SnowFROC Abstract Peloquin
The Presentation: Building an Effective Application Security Program
It’s unanimous, Web application security has arrived!”, wrote WhiteHat Security CTO, Jeremiah Grossman, in a 12/26/2008 post to his blog. As Jeremiah points out in his post, every major report on security lists web applications as the number one attack vector. Assessments and penetration tests are essential elements of any Application Security Program, but they’re not enough. Organizations must take the next step, and insert security directly into the development lifecycle.
- Identify the pre-requisites you’re missing in your organization, and where you fall on the Application Security Scale of Maturity.
- Learn the steps involved in planning and executing an effective program.

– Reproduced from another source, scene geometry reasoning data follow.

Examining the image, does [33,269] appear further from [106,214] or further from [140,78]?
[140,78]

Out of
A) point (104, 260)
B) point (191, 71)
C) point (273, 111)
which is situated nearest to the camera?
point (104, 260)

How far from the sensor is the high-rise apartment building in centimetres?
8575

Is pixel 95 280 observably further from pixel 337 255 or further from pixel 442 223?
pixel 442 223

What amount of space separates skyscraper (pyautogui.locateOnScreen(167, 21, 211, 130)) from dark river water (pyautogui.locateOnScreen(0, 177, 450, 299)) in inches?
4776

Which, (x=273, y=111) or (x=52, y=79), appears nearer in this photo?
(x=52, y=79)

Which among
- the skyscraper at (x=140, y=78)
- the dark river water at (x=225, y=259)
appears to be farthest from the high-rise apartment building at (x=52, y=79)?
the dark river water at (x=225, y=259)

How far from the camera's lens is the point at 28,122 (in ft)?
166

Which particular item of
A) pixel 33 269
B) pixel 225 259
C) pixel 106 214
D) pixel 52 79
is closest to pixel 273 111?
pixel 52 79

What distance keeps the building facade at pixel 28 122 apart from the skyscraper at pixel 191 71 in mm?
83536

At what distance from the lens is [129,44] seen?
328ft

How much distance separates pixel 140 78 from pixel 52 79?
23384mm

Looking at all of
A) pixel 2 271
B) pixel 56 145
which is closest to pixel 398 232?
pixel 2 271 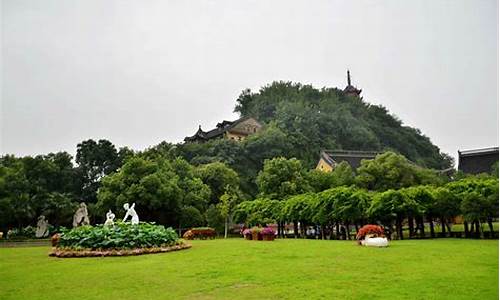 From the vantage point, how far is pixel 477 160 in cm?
3288

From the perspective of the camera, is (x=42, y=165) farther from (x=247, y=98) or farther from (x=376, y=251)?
(x=247, y=98)

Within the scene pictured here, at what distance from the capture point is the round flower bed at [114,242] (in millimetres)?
12898

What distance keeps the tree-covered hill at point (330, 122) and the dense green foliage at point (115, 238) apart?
27795 mm

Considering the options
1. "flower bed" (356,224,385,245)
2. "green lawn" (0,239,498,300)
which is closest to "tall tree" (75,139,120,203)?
"green lawn" (0,239,498,300)

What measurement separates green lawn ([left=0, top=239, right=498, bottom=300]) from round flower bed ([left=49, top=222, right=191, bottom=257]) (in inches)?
70.8

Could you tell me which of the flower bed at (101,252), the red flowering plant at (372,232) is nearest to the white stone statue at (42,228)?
the flower bed at (101,252)

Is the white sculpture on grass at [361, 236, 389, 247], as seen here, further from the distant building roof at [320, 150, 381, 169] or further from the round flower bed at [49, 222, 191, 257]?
the distant building roof at [320, 150, 381, 169]

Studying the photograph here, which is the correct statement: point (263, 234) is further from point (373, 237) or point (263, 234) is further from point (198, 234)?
point (373, 237)

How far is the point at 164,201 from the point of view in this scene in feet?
81.1

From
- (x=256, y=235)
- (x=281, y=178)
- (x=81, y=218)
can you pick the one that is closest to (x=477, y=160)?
(x=281, y=178)

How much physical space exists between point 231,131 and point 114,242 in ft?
120

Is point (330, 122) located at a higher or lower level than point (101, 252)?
higher

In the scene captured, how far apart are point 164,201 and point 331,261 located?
16.5 m

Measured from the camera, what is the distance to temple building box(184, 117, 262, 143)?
4869cm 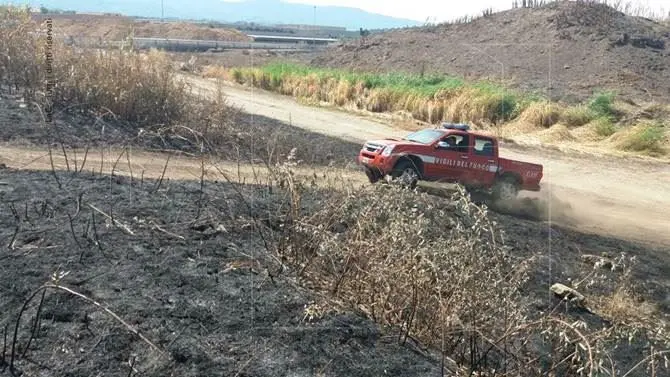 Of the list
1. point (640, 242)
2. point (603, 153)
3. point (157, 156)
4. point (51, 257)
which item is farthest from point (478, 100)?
point (51, 257)

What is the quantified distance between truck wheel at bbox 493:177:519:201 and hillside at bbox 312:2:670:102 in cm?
1835

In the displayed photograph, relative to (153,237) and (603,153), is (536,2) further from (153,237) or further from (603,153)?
(153,237)

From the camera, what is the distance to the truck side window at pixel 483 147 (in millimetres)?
15305

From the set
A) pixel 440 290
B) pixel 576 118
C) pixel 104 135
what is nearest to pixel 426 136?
pixel 104 135

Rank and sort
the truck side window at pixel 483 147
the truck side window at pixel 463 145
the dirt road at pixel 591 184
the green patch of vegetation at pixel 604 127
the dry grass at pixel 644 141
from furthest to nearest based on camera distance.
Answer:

- Learn to avoid common pitfalls.
The Speaker: Joey Peloquin
Joey Peloquin is the Director of Application Security at FishNet Security, where he’s responsible for project oversight and quality assurance, business development, and managing the team’s offerings and methodologies. He’s spent the last 9 of 15 years in I.T. specializing in Information Security, with approximately the last five specifically in Application Security. Prior to joining FishNet Security, he created the service offerings and methodology for Hewlett-Packard’s Application Security Center Professional Services Team (formerly SPI Dynamics). At HP, he managed all partner-delivered projects and was the team lead for the internal team with the responsibility of training and mentoring new consultants. Joey also spent nearly a decade with JCPenney Corporation, where he built the Application Security Program, and generated application security awareness through aggressive penetration testing policies.